**Activity**
I need the lines from the one holding "ShaoYeYan Aomalm Passing" to the last line of the data below repeated exactly, both included, without pictures.

**Exercise input**
>>>>

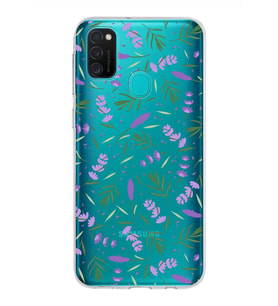PrintiFy Samsung Galaxy M21 ile Uyumlu 1mm Slim Fit Water Color 3 Baskılı Şeffaf  Kılıf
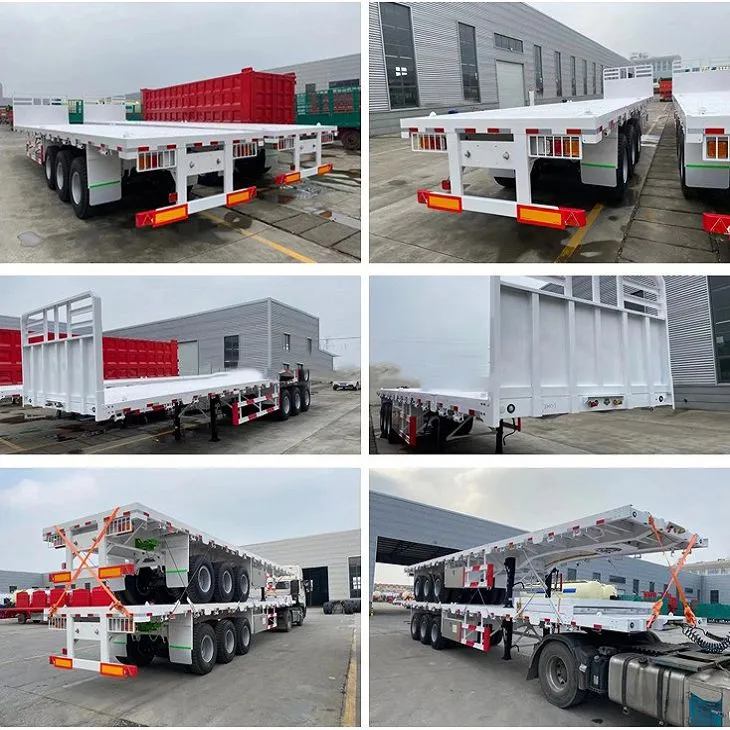 Flatbed Container Semi Trailer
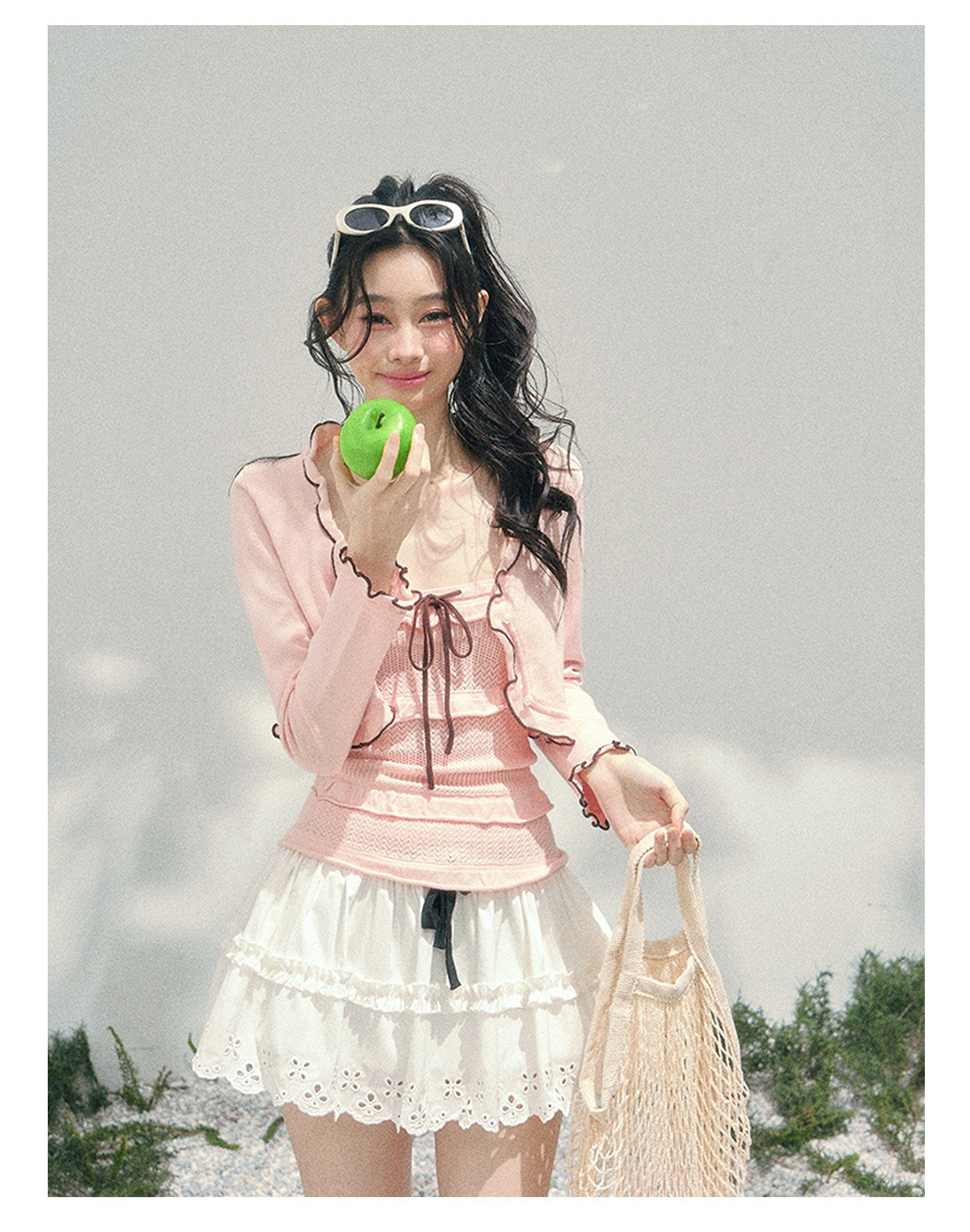 ShaoYeYan Aomalm Passing Through Her Dream French Sweet Knit Set
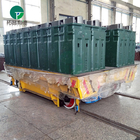 Workshop handling equipment has rail battery transfer cart for molds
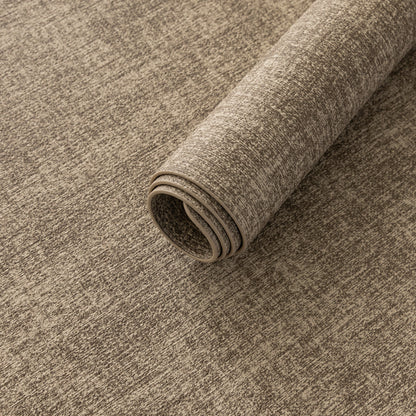 Polyurethane Linen-textured 100% Waterproof Oil-Proof Wipeable Heat Resistant Placemats Set in Khaki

<<<<

**Final answer**
 ShaoYeYan Aomalm Passing Through Her Dream French Sweet Knit Set
 Workshop handling equipment has rail battery transfer cart for molds
 Polyurethane Linen-textured 100% Waterproof Oil-Proof Wipeable Heat Resistant Placemats Set in Khaki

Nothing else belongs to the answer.